Problem to solve: The copy must match the data below line for line and contain no images.

Data provided:
************

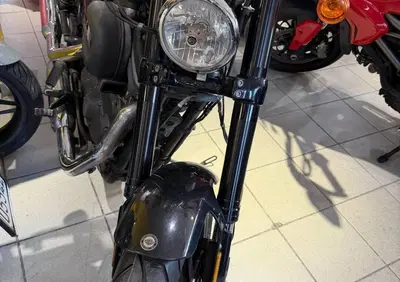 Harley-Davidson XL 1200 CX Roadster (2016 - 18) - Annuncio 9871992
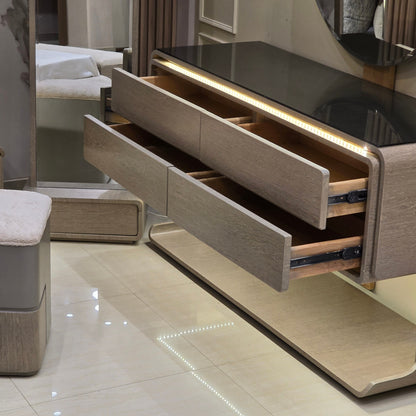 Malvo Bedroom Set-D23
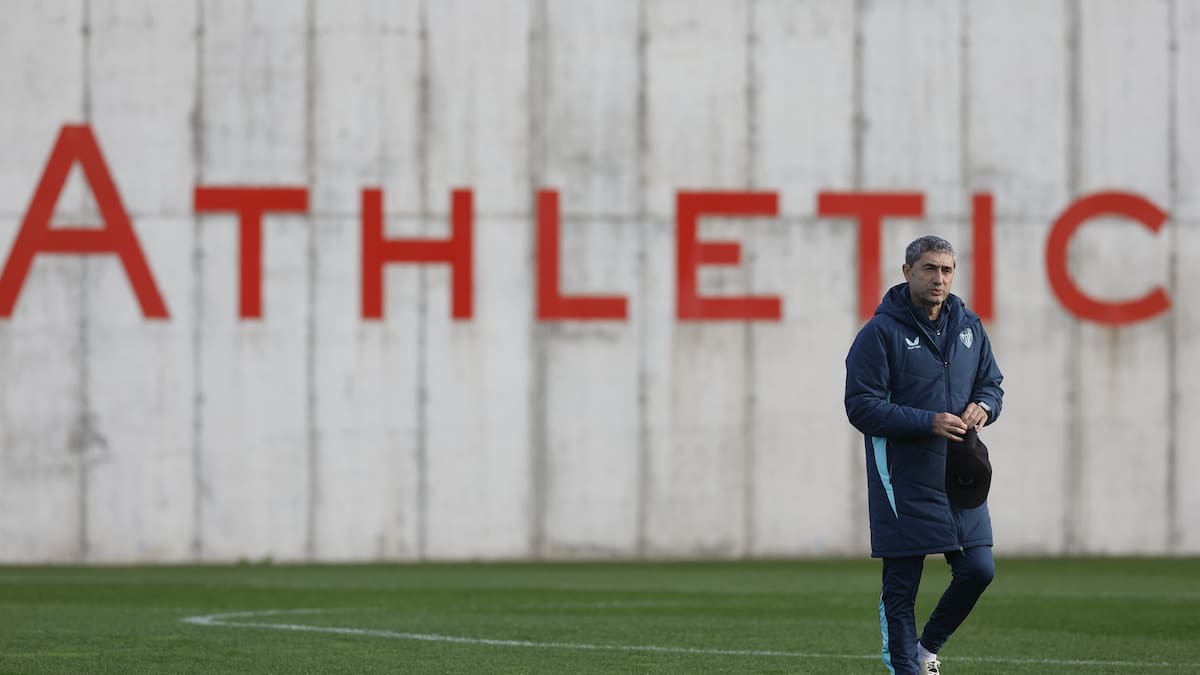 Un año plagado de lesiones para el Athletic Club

************

Response to the exercise:
 Harley-Davidson XL 1200 CX Roadster (2016 - 18) - Annuncio 9871992
 Malvo Bedroom Set-D23
 Un año plagado de lesiones para el Athletic Club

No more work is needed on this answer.